Both of this week’s new releases are genre pictures that borrow liberally from much better films that came before them.

Joseph Kosinski’s “Oblivion” is a visually impressive – and occasionally confusing – sci-fi star vehicle for Tom Cruise that samples everything from “2001: A Space Odyssey” and “Total Recall” to “Wall-E.”

In the picture, Cruise plays Jack Harper, a technician who travels from his space station in the clouds to repair drone robots on planet Earth, which has been left uninhabited following an attack by an alien species. But as he explores the Earth’s surface, digging up Led Zeppelin and Procol Harum records in the process, Harper stumbles upon a woman and a possible conspiracy.

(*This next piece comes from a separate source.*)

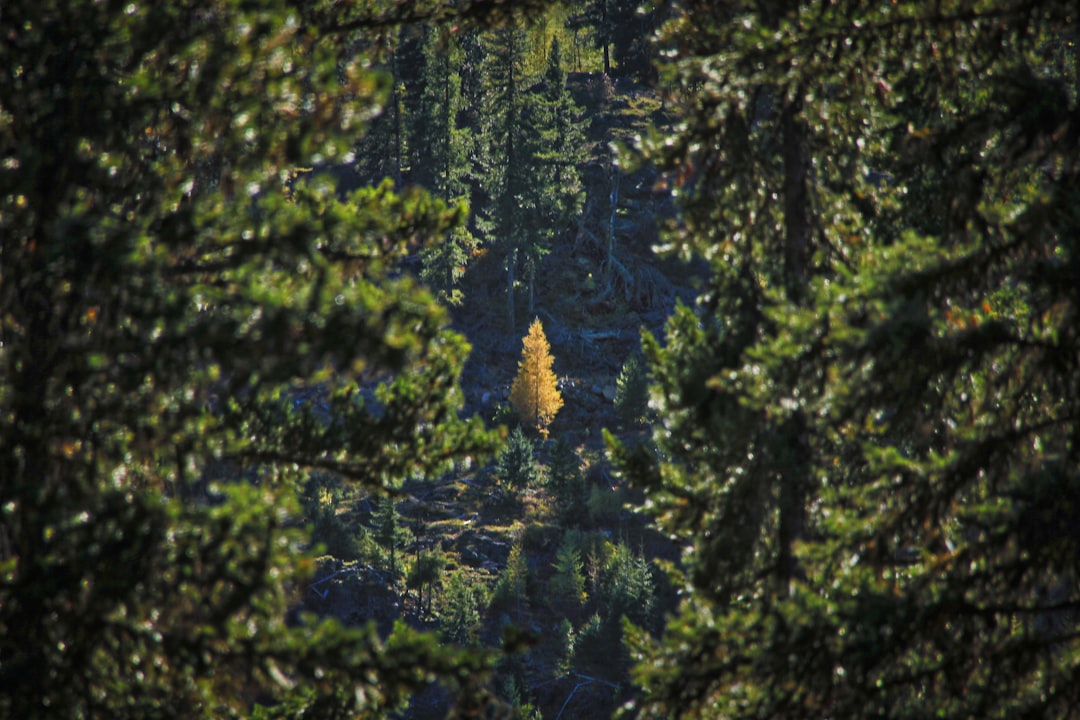 photo of Leavenworth Forest near The Enchantments
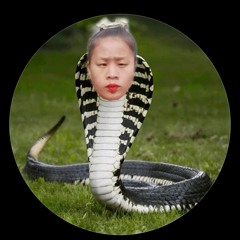 Đang bận yêu V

For a movie of this sort, “Oblivion” moves surprisingly slow in its first hour, which is a bit refreshing when you consider how most Hollywood sci-fi pictures just pile on one special effect after another. It’s not until the movie’s second – and slightly jumbled hour – when the chase scenes, the fights and the explosions set in.

A few plot twists are thrown into the mix that only serve to make the film’s storyline more opaque. Kosinski’s previous effort was the slightly better “TRON: Legacy,” which was also visually spectacular, but a mixed bag narratively.

If anything, “Oblivion” goes to prove that Cruise is still a genuine movie star, despite a few recent fumbles – “Rock of Ages” comes to mind. He is given the opportunity to dig a little deeper here than what is typically required for an action film of this type.

He brings a much-needed human element to a film that frequently feels much more concerned with its artificial intelligence.

Every time I watch a Rob Zombie movie, I am able to recognize the talent without actually endorsing the film. Despite that I wasn’t sold on “The Lords of Salem,” his fifth film as a director, I still maintain that Zombie has all the ingredients to, perhaps, one day make a great horror film. 

The heavy metal singer-turned-filmmaker obviously knows his stuff. “The Lords of Salem” includes nods to everything from Stanley Kubrick and Roman Polanski to Dario Argento’s “Suspiria.”

And – as was the case with the director’s previous efforts – Zombie has mastered the ability to create genuinely creepy and unsettling images. If only the combination of those images added up to a complete whole.

The picture opens on a satanic rite being performed by a group of nude, haggard witches in Salem, Massachusetts during the 1600s. Several centuries later, Sheri Moon Zombie – the director’s wife – plays a Salem D.J. who begins to have increasingly frightening visions after playing a record by a group known as The Lords on her talk show.

All hell literally breaks loose after she falls under the spell of three creepy sisters who live in her building, setting the stage for an apocalyptic finale that is scored to The Velvet Underground’s “All Tomorrow’s Parties.”

As I’d said before, I’ve admired elements of Zombie’s work, including the visual style of “The Devil’s Rejects,” the first half of his “Halloween” remake, some of the imagery in “The Lords of Salem” and his eerie use of classic rock tunes. But I’m still waiting for a Rob Zombie film that I can wholeheartedly get behind.

“Oblivion” is playing at Douglaston’s Movie World, while “The Lords of Salem” is screening at the College Point Multiplex Cinemas.